Stud framed (or stick built) structures are how most homes are typically built. Generally they require a great deal of excavation and have a continuous concrete footing and foundation around the perimeter. Walls are made of 2x4 or 2x6 vertical “studs” 16 or 24 inches on center. By code, stud walls without lateral support are limited to 10 feet in height, unless a structural analysis is done. Roof trusses or rafters and ceiling joists can be no greater than 24 inches on center. In some cases, interior load-bearing walls may be required and door or window openings in loadbearing walls must have structural headers.
All steel buildings can have much taller sidewalls and wider clear spans than stud framed buildings. Their main support structure is composed of large steel frames, spaced as much as 30 feet on center. The frames require large concrete footings with carefully placed anchor bolts. In building widths of less than 90 feet, their constructed cost can be almost half again more than a pole building, when the great amounts of concrete and need for heavy equipment is factored in.

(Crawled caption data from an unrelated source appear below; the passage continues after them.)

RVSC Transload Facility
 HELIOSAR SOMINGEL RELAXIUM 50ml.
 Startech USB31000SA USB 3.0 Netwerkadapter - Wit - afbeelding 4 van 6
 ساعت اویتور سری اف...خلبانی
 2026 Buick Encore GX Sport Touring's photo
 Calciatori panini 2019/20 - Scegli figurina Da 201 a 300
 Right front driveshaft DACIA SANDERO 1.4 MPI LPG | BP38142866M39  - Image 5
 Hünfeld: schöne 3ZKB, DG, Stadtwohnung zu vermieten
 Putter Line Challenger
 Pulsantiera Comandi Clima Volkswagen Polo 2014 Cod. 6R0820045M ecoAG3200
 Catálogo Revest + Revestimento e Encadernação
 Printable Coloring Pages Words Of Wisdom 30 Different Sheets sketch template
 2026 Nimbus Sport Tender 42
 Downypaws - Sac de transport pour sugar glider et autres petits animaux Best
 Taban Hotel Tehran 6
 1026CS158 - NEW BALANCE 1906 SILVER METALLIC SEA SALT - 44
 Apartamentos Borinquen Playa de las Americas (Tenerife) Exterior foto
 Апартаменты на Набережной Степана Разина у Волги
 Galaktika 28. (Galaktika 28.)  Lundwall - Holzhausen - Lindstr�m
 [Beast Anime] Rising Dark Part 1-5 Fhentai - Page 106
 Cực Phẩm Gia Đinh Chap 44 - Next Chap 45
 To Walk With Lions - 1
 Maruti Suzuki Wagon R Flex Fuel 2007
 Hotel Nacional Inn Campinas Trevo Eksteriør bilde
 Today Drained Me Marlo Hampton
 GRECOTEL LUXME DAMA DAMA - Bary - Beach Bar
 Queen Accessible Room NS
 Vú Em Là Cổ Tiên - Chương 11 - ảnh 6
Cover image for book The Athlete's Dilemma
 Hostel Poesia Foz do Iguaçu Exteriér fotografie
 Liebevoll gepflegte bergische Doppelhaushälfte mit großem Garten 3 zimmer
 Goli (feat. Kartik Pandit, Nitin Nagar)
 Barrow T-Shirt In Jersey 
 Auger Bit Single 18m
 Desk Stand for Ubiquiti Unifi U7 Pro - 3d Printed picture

Pole buildings allow the greatest flexibility and lowest construction cost of any permanent building. The pole building concept was developed so the least amount of materials could construct the largest building. Typical pole buildings use widely spaced pressure preservative treated posts for the main vertical supports. The foundation is these treated columns, embedded in the ground with a small amount of concrete cast around them. Roof trusses are aligned with the wall columns, normally every 10 to 12 feet. As pole buildings are modular, they can be constructed of any length, as long as land is available to construct. Usually structural headers are not required for windows, doors or other exterior wall openings.
Are pole buildings cheaper?
Cheaper as in less expensive or more cost-effective, yes! In comparison to other building methods, pole buildings are hands down the fastest and most cost-effective construction. They are easy to install, resulting in lower assembly and building costs. They are virtually indestructible and maintenance-free. Add in lower insurance costs and less overall maintenance over the years and you’ve got a winning combination!
Isn’t building with steel more expensive than building with wood?
Yes and no. Structural steel has become very expensive over the past few years (in some cases, having doubled in price!), making wood structural members, in most cases, a true bargain. Colored steel siding and roofing has gone up far less in price (percentage-wise) than have alternative products such as T1-11, cement-based, wood or vinyl sidings.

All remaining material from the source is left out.